Elm Vets are committed to the best possible patient and client care. Please feel free to discuss any problems with the vet, or telephone for advice from one of our experienced reception/nursing staff.
Your puppy will need a course of 2 injections 4 weeks apart to protect him/her from the main infectious diseases of dogs:
- Canine Distemper
- Infectious Hepatitis (adenovirus)
The second injection must be given when they are older than 10 weeks.
When can he/she go for a walk?
- One week after the final injection Avoid waterways for a further 2 weeks to allow full protection against Leptospirosis.
- Your dog then requires a yearly booster to keep the vaccinations up to date.
These are not the core vaccinations, but can be given in addition if your pet is at risk of getting these conditions.
Kennel cough. This can be picked up anywhere that your dog is in contact with other dogs.
Rabies Vaccination. This will be required if you intend to travel with your pet. Since Brexit travel has become much more complicated for pets, please discuss this with us before booking any holidays abroad with your pet.
Worming and Flea Treatment
- In most pets we recommend one of the two following combinations of treatment:
- Bravecto flea and tick treatment + Milbemax wormer.
- Advocate Flea treatment + milbemax wormer.
- This gives excellent lungworm cover.
- It does not cover ticks.
- It should not be used if your dog swims a lot.
- It only partially covers mites.
Puppies should be wormed monthly until they are 6 months old. At this stage the frequency of worming will depend on your household, your dogs diet and lifestyle, and if your dog scavenges. Please discuss this with us.
Spaying bitches prevents:
- Unwanted pregnancies
- Womb infections, which can be fatal
- Decreases the risk of breast cancer
- It is not necessary for a bitch to have a litter before she is spayed. If your bitch is not spayed, she will usually come into season between 6 and 12 months of age and every 6-7 months after that. We currently recommend spaying after her first season.

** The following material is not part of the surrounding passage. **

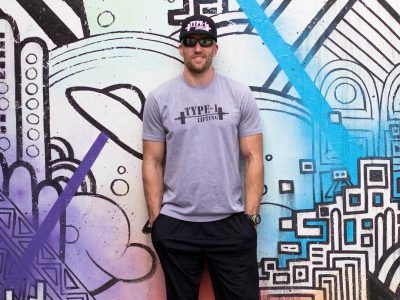 A man is standing in front of a wall with graffiti on it.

Dog castration involves removing both testicles and prevents:
- Some prostatic diseases
- Certain behavioural problems e.g. roaming and some types of aggression
- Neutered dogs are more prone to weight gain, so it is important that their diet is carefully controlled. In addition we advise against castrating a dog going through a ‘fear stage’ as this can make the behaviour worse not better. Once they have matured out of that stage we are fine to castrate. We usually recommend castration from 9 months onwards.
Your puppy should have been microchipped by the breeder before sale. If your puppy has not been microchipped please inform us. It is a legal responsibility of the owner/keeper to keep your contact details up to date on the microchip database.
The easiest way to give your puppy a balanced diet is to feed him/her a proprietary puppy diet (large breed variety for large breed puppies). Initially your puppy will need four meals a day, reducing to three by about 12 weeks old. By 6 months of age, they can be on two meals a day.
We do not recommend raw feeding for the following reasons:
- Risk of poorly balanced diets – some raw diets have caused Rickets in puppies
- Risk to your health – we cook our food to reduce this risk of food poisoning from Salmonella and Campylobacter. If our pups are eating raw meat then sneaking up and giving us a cheeky face/hand lick they can smear us in bacteria containing saliva.
- Public Health England have expressed concerns about the risk raw feeding poses to human health.
It is a good idea to start caring for your puppy's teeth when they are young. Regular tooth brushing can help to stop plaque forming on their teeth. The vet or nurse will be able to discuss how to accustom your puppy to this and other options which are available to care for your puppy's teeth.
Your puppy's first 6 months of life are the best time to socialise him/her with different people, places and situations. It is essential to introduce your puppy to different types of people (men, women, children, elderly and disabled people) while they are young to give them confidence and prevent them becoming easily frightened/nervous. It is also helpful to practice ‘vet examinations’ at home - to get your puppy used to having his/her eyes, nose, teeth and paws examined/touched; this makes a trip to the vets much less stressful! If your puppy is long-haired then it is best to start grooming and brushing them as young as possible. If your puppy will be living with other pets, then it is a good idea to socialise them whilst they are young.
Elm Vets strongly recommend that you consider insuring your pet. There are many different policies available. Check whether your policy provides ‘lifetime’ cover, so that if your dog develops a condition which will require treatment throughout its life, e.g. diabetes, the insurance company will continue to pay for the condition.
Remember if you swap insurance companies any pre-existing conditions will not be covered, even minor things like ear infections.